*ABOUT THIS EXERCISE*:
With the images removed, transcribe the listing that follows exactly.

*MATERIAL PROVIDED*:

########

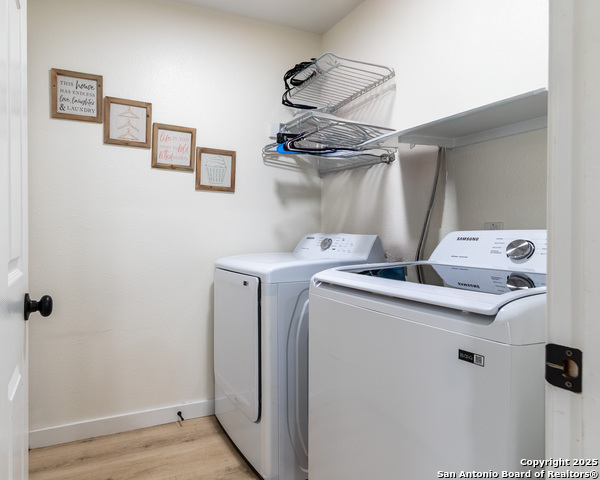 Image 28 of 34 For 13211 Regency Frst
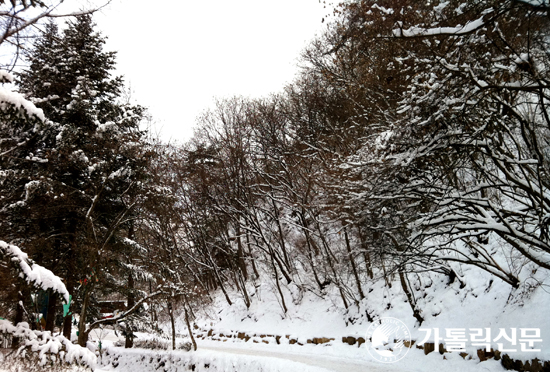 [포토 포커스] 너희는 따로 외딴곳으로 가서 쉬어라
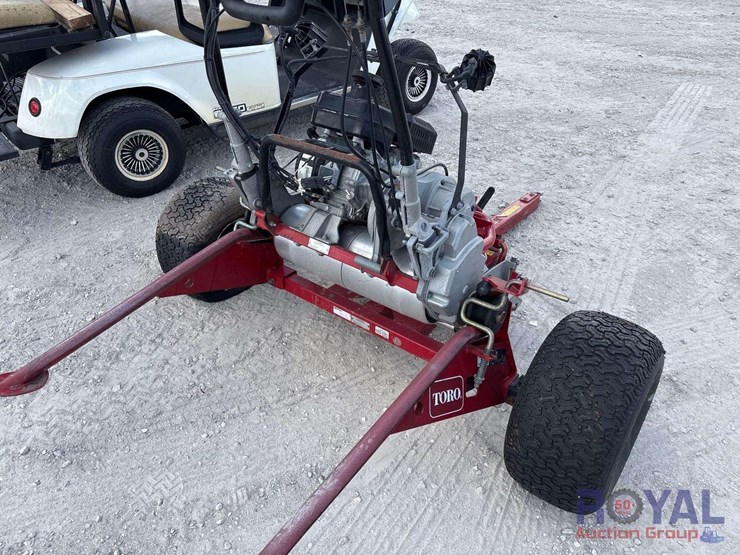 toro-greensmaster-flex-2100-reel-mower-image-3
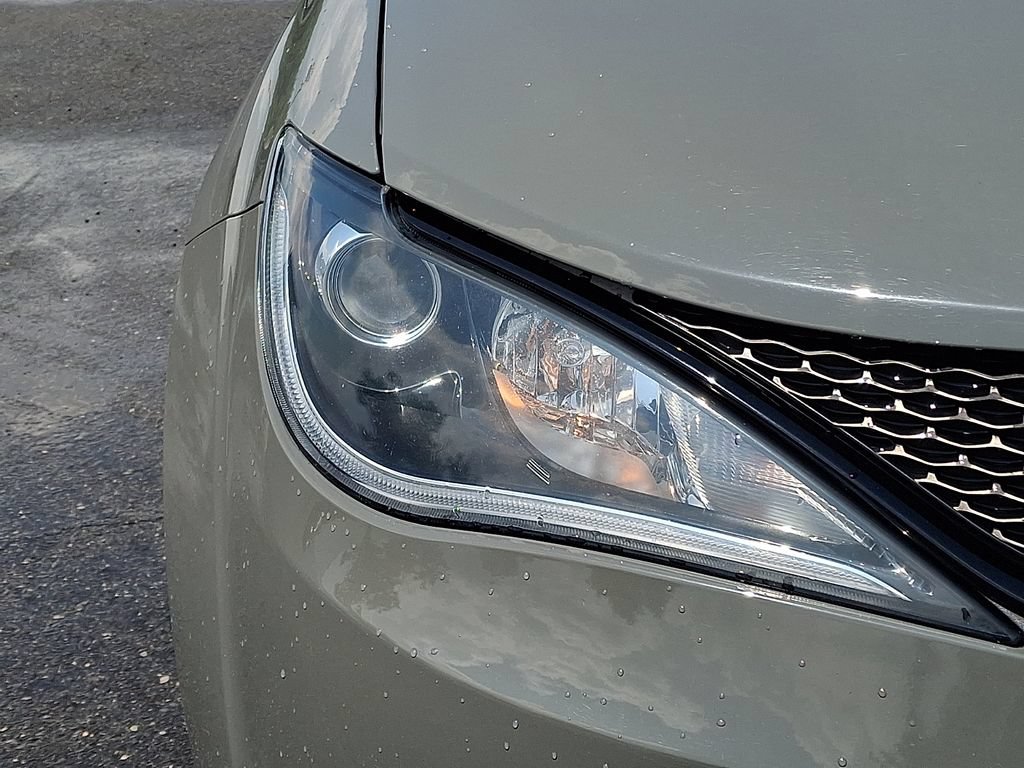 Used 2020 Chrysler Pacifica Touring-L w/ Advanced Safetytec Group AWD/4WD image 12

########

*OUTPUT FOR THIS EXERCISE*:
 Image 28 of 34 For 13211 Regency Frst
 [포토 포커스] 너희는 따로 외딴곳으로 가서 쉬어라
 toro-greensmaster-flex-2100-reel-mower-image-3
 Used 2020 Chrysler Pacifica Touring-L w/ Advanced Safetytec Group AWD/4WD image 12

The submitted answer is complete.